Set down the entries again word for word, without any of the images.

(Excerpts from a dataset)

◇ ◇ ◇ ◇

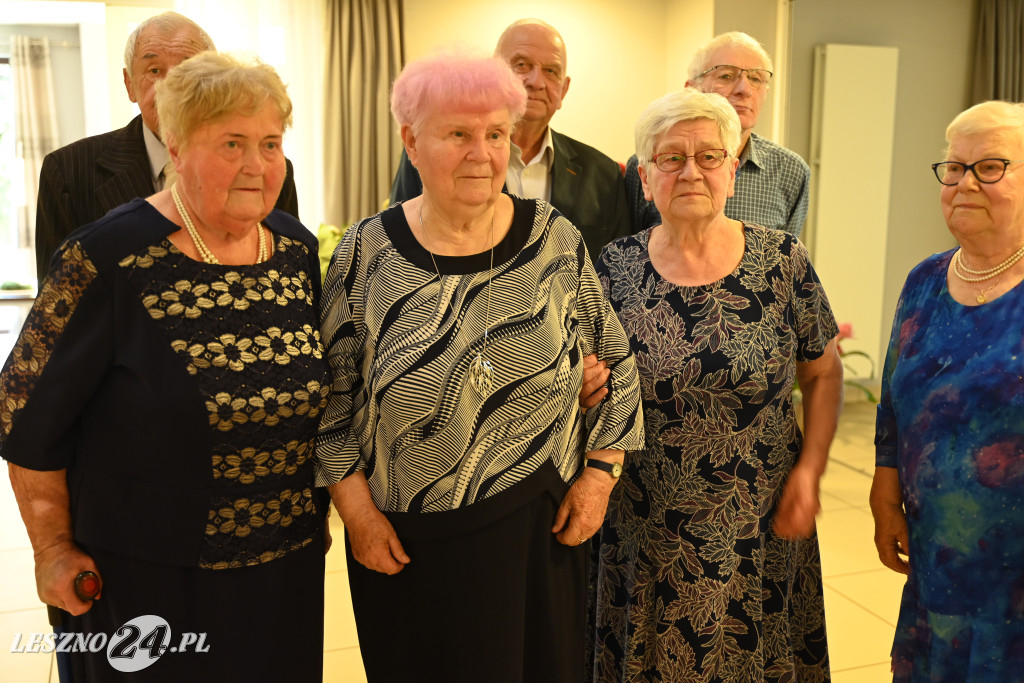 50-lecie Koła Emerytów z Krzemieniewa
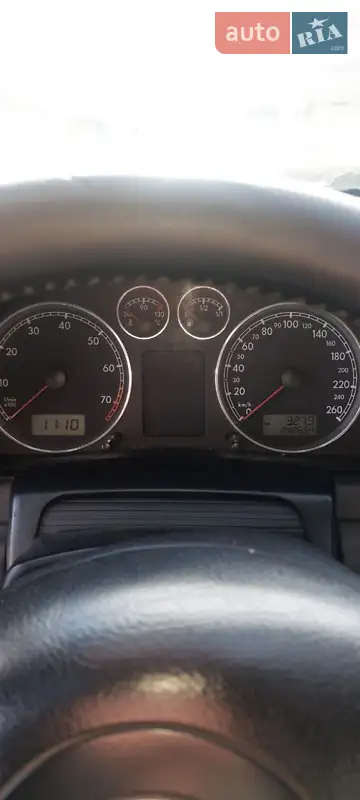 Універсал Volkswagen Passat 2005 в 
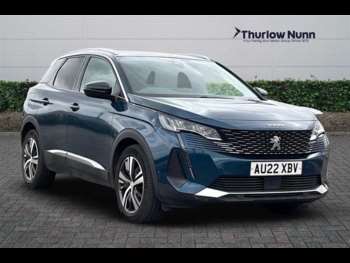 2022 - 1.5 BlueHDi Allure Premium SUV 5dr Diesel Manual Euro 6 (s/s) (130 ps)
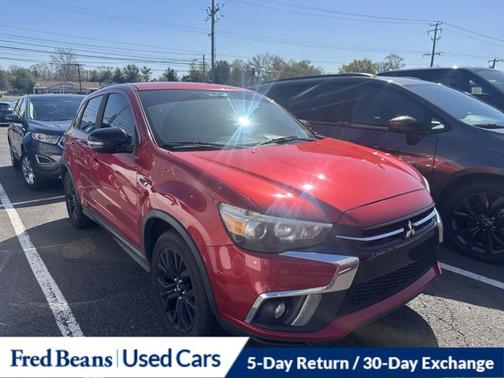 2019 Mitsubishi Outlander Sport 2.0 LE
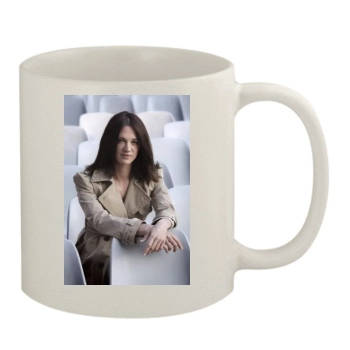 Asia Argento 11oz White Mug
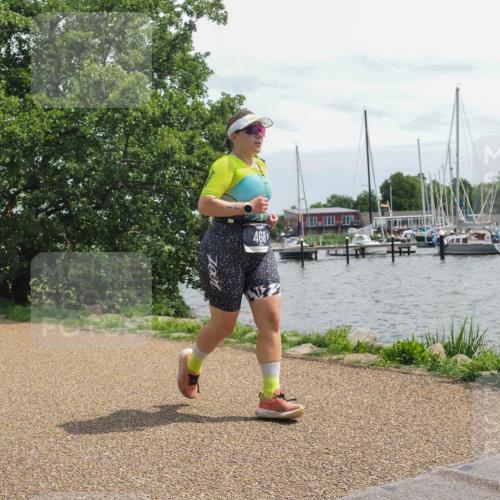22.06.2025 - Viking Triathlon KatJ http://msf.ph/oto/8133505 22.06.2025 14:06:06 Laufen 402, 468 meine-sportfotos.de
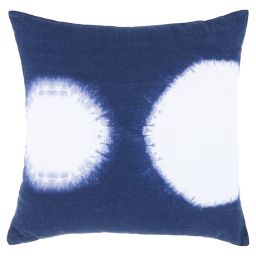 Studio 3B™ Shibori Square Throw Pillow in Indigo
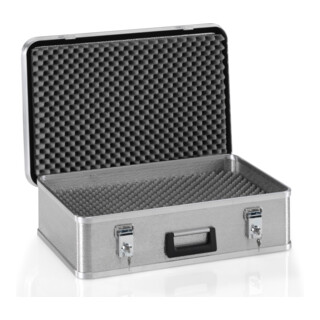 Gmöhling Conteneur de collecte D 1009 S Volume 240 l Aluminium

◇ ◇ ◇ ◇

◆ **Answer below**
 50-lecie Koła Emerytów z Krzemieniewa
 Універсал Volkswagen Passat 2005 в 
 2022 - 1.5 BlueHDi Allure Premium SUV 5dr Diesel Manual Euro 6 (s/s) (130 ps)
 2019 Mitsubishi Outlander Sport 2.0 LE
 Asia Argento 11oz White Mug
22.06.2025 - Viking Triathlon KatJ http://msf.ph/oto/8133505 22.06.2025 14:06:06 Laufen 402, 468 meine-sportfotos.de
 Studio 3B™ Shibori Square Throw Pillow in Indigo
 Gmöhling Conteneur de collecte D 1009 S Volume 240 l Aluminium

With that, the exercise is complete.